Friday, August 7, 2015

Cliché of the Day: Tattooing "Abide"



I never thought I’d get a tattoo. Especially not one easily mistaken for having Christian connotations. They’re expensive and permanent, and that's obnoxious. Three things I try to avoid. It’s why I like piercings. (Especially in Michigan: inexpensive and healable.) But one word has not left my mind for the last year: abide. And I like words. A lot. 

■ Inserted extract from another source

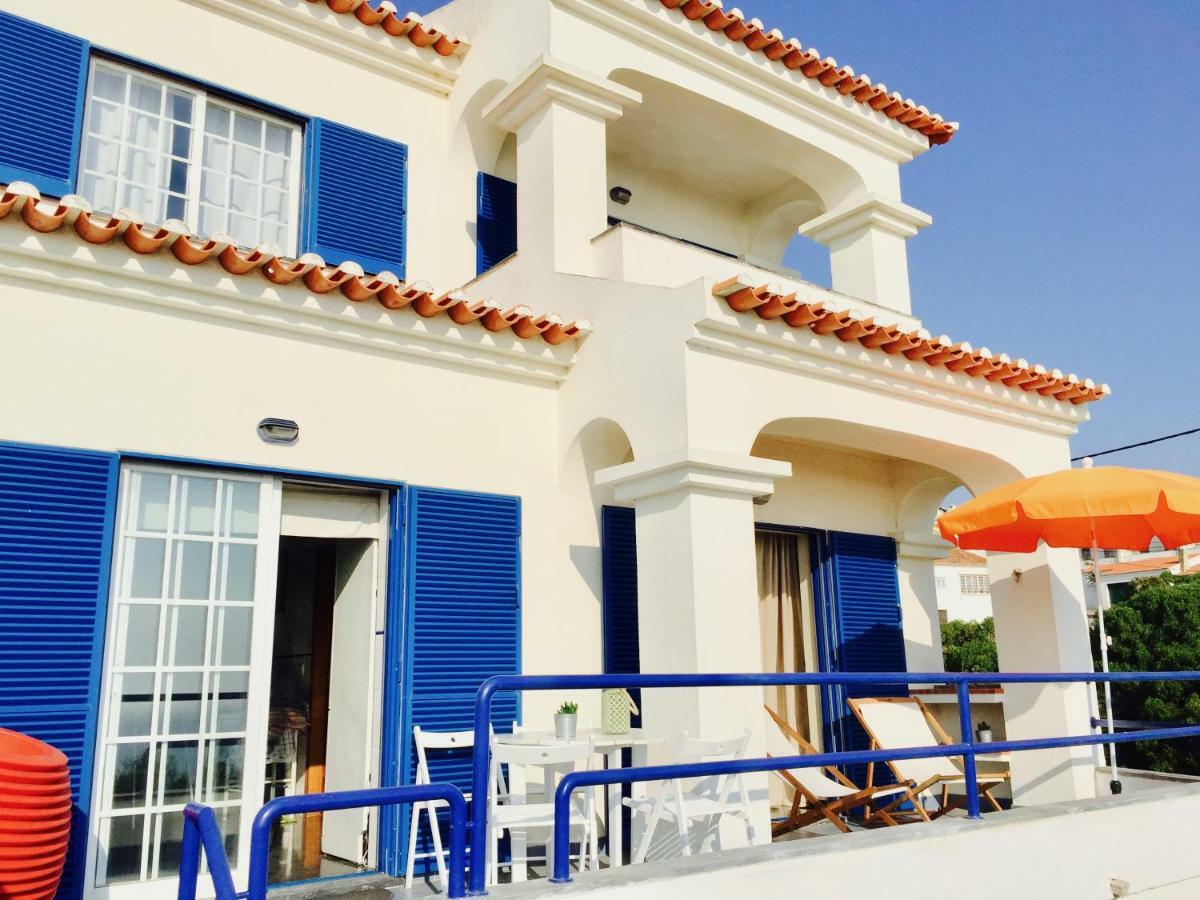 Casa Do Sul Villa Ерисейра Екстериор снимка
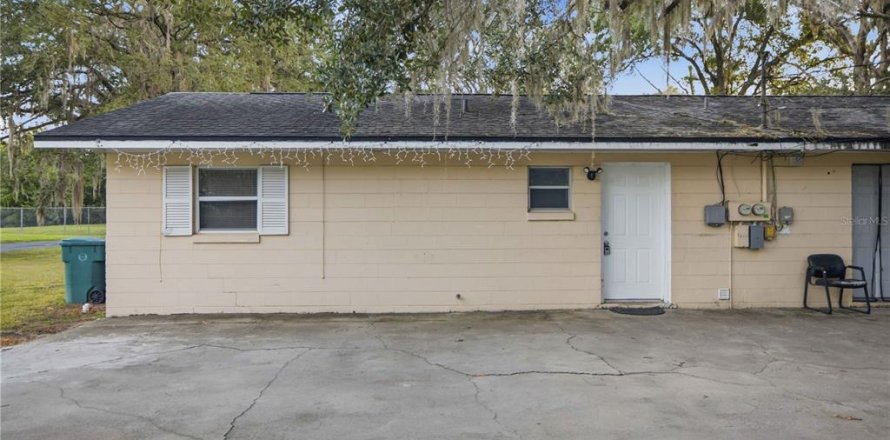 Apartment in Ocala, Florida 2 bedrooms, 78.97 sq.m. № 2238578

In response to my expressing surprise at its presence, my friend wrote:

I’m amazed at the confluence of “abides” in your life all at once. Wow. Sounds like some sort of message to me. I always think of that word as very comforting and peaceful. So maybe “hang in there” is the word, or “I’m here with you,” or both. Something like that?

I was/am amazed too. Looking back, that’s what I needed, to hang in there. It’s what I needed to hear: I’m here with you. She wrote that January 20th of 2014, January of what would become the most fucked up year of my life. I know, that probably comes across as dramatic, and it is vulgar. But the year was both dramatic and vulgar. Someday I’ll express the vulgarity of 2014 in a book that I’ll probably never sell. Until then, perhaps “abiding” belongs not only in my mind and soul but on my body.

I probably won’t get a tattoo. I’m too cheap and too scared of permanence. But I’ll keep abiding. I’ll keep hanging in there, listening for and trusting that someone will always say, “I’m here with you.”

Friday, May 15, 2015

An Ode to Crosswords



Crosswords. They are a kind of complete that I am not and a type of disorganized that I am. The words don’t necessarily go together. In fact, they usually don’t. My inner workings don’t seem to go together all too well either. If they did, I wouldn’t be bipolar II. And of course, although the crossword’s complete, I’m not. Of course. None of us are. Some of us have more words spelled out and connected than others, sure, but we all have rogue tiles and mystery tiles. Real philosophical . . . I know.

I guess I hate being incomplete and disorganized, but the crossword’s disorganization mirrors my own disorganization and its completeness gives me hope.

Words. I like words. I like crosswords. I organize myself when organizing those tiles. But it’s no Ouija board. It doesn’t tell my future—and it doesn’t need to. It just needs to complete itself, for in that, somehow, it helps to complete me.